Data of most of the job portals are compromised as they are not following stringent process to keep their data secured, a senior police officer said.

The police claim it becomes difficult to bust these gangs as their bank account, payment gateway and domain names are taken on fake identifies and many a times the servers are based abroad.

“Payment gate does not do physical verification of their client and allows payment against their commission. Similarly, domain registrar and server do not follow stringent rules and register customers on incomplete details,” Singh said.

As per police claims, in order to sound professional, gangs hire English speaking call centre executives and rent an office space at a plush commercial building.

“Job seekers are communicated in proper English through internet calling so that their number becomes difficult to track. In the name of registration and interview they extract Rs 20,000-50,000 from a candidate. All mobile SIMs, mobile phones and bank account are activated on fake documents,” Singh said.

According to cyber crime experts, most people in the scam are below 30 years of age and target fresh graduates who are desperate for jobs.

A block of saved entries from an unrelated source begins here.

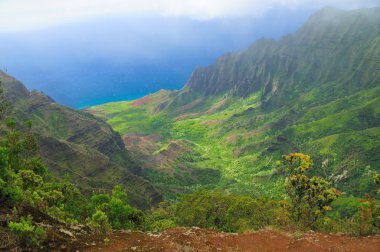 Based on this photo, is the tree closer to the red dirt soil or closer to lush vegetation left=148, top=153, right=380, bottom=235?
lush vegetation left=148, top=153, right=380, bottom=235

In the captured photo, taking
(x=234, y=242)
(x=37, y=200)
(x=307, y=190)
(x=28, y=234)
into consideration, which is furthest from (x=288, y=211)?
(x=28, y=234)

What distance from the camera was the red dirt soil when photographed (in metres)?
35.4

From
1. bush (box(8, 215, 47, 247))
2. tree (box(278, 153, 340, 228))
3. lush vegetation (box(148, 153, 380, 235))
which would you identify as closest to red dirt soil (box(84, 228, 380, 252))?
bush (box(8, 215, 47, 247))

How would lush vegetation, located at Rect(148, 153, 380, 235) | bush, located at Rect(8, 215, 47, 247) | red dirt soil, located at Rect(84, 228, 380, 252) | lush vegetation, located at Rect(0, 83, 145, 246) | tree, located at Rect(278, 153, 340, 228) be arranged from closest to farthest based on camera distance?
bush, located at Rect(8, 215, 47, 247)
lush vegetation, located at Rect(0, 83, 145, 246)
red dirt soil, located at Rect(84, 228, 380, 252)
lush vegetation, located at Rect(148, 153, 380, 235)
tree, located at Rect(278, 153, 340, 228)

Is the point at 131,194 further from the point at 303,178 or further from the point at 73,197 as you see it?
the point at 303,178

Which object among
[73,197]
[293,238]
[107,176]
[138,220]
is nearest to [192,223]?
[138,220]

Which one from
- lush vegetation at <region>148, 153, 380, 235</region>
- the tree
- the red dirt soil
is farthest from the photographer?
the tree

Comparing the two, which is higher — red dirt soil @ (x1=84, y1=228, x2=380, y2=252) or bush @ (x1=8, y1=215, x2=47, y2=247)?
bush @ (x1=8, y1=215, x2=47, y2=247)

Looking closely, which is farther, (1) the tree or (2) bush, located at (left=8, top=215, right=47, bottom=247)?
(1) the tree

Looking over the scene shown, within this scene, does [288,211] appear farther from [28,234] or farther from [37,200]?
[28,234]

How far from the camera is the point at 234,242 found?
39188mm

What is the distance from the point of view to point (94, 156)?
180m

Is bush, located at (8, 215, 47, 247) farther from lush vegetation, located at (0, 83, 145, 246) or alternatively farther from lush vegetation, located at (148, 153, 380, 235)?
lush vegetation, located at (148, 153, 380, 235)

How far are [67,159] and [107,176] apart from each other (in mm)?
20404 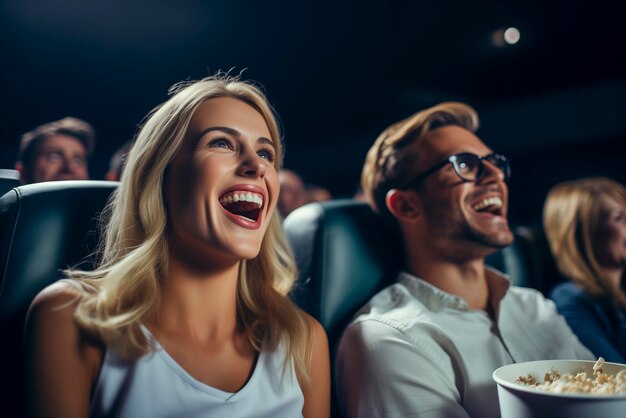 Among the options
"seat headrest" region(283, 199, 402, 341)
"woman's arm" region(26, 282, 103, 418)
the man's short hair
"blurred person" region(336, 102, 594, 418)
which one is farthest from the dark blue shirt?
the man's short hair

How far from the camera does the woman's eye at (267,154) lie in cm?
112

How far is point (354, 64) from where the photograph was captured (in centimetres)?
385

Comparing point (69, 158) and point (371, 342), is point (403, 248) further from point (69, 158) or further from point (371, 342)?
point (69, 158)

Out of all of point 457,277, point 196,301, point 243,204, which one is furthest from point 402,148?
point 196,301

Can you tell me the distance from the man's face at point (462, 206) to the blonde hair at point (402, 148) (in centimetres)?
6

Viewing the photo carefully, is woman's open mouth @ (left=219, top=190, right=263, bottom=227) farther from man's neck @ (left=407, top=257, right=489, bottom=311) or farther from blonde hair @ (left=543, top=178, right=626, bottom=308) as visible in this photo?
blonde hair @ (left=543, top=178, right=626, bottom=308)

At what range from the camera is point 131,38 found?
2.83 meters

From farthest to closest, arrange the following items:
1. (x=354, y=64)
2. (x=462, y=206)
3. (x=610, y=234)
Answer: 1. (x=354, y=64)
2. (x=610, y=234)
3. (x=462, y=206)

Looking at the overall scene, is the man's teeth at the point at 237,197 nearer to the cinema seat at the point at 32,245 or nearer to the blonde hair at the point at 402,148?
the cinema seat at the point at 32,245

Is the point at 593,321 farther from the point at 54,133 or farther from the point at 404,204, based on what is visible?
the point at 54,133

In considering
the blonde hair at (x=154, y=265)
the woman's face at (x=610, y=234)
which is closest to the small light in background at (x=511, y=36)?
the woman's face at (x=610, y=234)

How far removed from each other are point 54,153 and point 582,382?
68.0 inches

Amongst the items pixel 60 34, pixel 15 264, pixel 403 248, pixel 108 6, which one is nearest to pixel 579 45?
pixel 403 248

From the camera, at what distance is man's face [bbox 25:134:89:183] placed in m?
1.67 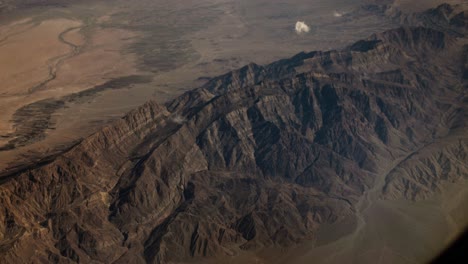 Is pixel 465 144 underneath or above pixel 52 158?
underneath

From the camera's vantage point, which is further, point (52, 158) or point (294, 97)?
point (294, 97)

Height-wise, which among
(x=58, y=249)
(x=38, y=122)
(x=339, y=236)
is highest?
(x=58, y=249)

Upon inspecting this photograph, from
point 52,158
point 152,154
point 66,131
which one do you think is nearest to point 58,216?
point 52,158

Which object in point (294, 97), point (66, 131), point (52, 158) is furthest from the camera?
point (66, 131)

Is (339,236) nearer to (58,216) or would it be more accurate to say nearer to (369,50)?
(58,216)

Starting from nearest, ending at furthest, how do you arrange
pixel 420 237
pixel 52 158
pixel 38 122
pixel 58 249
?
pixel 58 249 → pixel 420 237 → pixel 52 158 → pixel 38 122

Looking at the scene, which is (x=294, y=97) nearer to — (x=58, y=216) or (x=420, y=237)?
(x=420, y=237)

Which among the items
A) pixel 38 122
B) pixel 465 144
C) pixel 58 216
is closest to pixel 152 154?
pixel 58 216
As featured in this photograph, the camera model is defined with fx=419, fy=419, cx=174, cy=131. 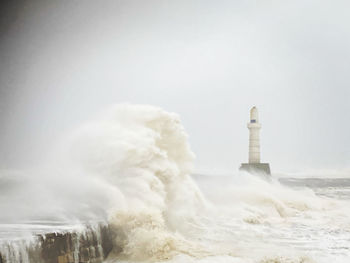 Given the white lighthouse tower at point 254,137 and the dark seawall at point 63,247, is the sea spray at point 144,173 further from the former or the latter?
the white lighthouse tower at point 254,137

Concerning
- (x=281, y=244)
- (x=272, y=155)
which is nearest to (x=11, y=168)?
(x=281, y=244)

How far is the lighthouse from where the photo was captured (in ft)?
46.3

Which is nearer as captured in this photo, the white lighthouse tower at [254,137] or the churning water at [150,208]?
the churning water at [150,208]

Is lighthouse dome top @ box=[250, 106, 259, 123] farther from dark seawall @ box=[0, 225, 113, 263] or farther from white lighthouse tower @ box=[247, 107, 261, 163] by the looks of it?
dark seawall @ box=[0, 225, 113, 263]

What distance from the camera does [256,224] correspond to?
741 cm

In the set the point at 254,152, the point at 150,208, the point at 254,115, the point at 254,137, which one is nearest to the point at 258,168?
the point at 254,152

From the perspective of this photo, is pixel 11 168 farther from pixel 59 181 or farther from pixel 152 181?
pixel 152 181

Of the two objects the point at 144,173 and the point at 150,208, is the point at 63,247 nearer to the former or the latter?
the point at 150,208

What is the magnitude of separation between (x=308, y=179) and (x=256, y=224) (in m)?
10.4

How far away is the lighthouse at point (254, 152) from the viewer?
14.1m

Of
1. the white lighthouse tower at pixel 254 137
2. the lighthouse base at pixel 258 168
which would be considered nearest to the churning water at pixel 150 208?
the lighthouse base at pixel 258 168

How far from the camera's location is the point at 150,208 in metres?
5.70

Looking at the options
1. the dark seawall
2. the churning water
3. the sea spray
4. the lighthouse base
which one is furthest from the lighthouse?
the dark seawall

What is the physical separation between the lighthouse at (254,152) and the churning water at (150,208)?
4.20 m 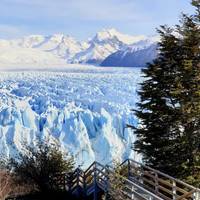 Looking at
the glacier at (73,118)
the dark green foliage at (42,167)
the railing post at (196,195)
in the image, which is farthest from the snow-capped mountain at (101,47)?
the railing post at (196,195)

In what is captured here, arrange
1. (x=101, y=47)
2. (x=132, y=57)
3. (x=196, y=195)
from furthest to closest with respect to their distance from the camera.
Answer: (x=101, y=47) < (x=132, y=57) < (x=196, y=195)

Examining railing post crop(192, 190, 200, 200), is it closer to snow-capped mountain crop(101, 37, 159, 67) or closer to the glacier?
the glacier

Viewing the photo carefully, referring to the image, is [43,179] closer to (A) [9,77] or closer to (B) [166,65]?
(B) [166,65]

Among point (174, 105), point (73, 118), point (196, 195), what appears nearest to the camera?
point (196, 195)

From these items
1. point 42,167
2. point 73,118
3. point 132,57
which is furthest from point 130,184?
point 132,57

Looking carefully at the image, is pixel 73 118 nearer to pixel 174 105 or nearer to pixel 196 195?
pixel 174 105

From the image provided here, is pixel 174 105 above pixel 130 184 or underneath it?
above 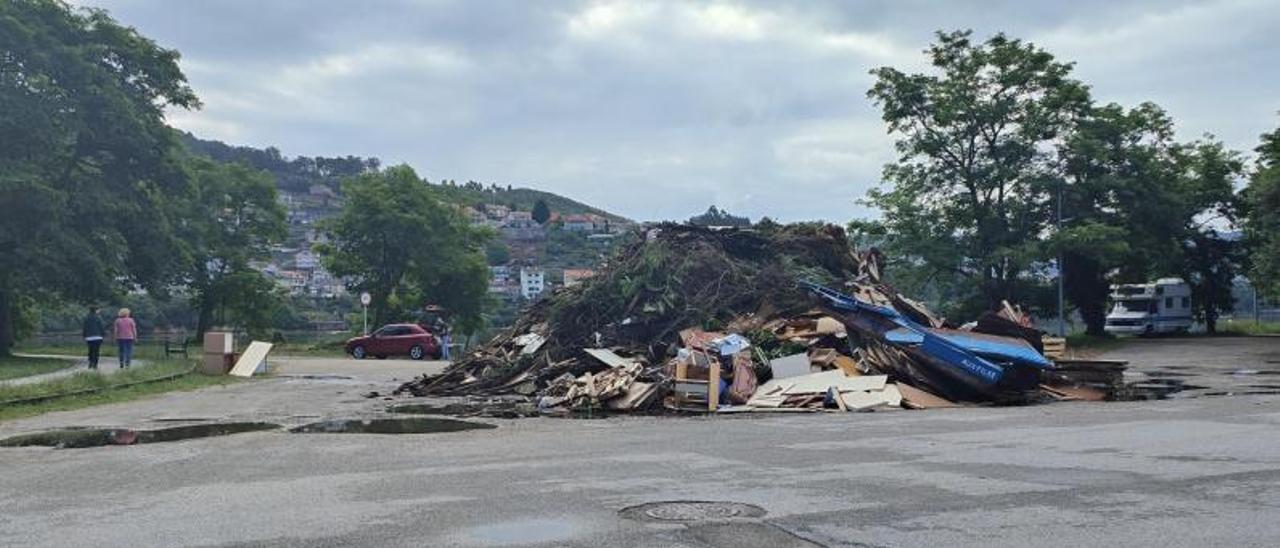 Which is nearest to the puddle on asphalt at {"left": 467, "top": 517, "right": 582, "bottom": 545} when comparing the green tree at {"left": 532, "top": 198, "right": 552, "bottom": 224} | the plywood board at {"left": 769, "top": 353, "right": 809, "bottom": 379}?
the plywood board at {"left": 769, "top": 353, "right": 809, "bottom": 379}

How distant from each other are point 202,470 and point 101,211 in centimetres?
2894

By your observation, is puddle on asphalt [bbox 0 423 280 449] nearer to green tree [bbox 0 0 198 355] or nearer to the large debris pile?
the large debris pile

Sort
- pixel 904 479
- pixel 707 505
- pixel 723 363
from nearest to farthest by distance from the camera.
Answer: pixel 707 505, pixel 904 479, pixel 723 363

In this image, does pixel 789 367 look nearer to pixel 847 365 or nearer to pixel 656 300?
pixel 847 365

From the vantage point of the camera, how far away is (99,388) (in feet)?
67.2

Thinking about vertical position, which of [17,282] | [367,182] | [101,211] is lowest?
[17,282]

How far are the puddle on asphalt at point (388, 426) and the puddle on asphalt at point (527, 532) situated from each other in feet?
23.0

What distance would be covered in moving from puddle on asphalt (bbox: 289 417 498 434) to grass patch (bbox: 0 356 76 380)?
524 inches

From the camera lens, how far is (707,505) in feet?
25.2

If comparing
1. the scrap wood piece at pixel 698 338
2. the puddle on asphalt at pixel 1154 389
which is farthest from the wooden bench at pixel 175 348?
the puddle on asphalt at pixel 1154 389

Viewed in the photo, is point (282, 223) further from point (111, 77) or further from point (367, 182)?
point (111, 77)

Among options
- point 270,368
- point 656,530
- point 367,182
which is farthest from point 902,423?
point 367,182

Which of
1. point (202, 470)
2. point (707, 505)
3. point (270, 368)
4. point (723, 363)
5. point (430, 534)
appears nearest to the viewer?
point (430, 534)

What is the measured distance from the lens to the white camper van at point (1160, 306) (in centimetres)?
5475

“Educational institutes have mushroomed in Delhi and NCR. These scamsters target unemployed fresh graduates. Most of these conmen have worked with job portals and call centers so they know how to exploit the loopholes.

“The initial payment they charge from each candidate is low so a complainant hesitates to approach police and even cops do not take these cases seriously. But criminals keep minting money and after running the racket from one place for a few months they change their location and other details,” Cyber Crime expert, Kislay Chaudhary said.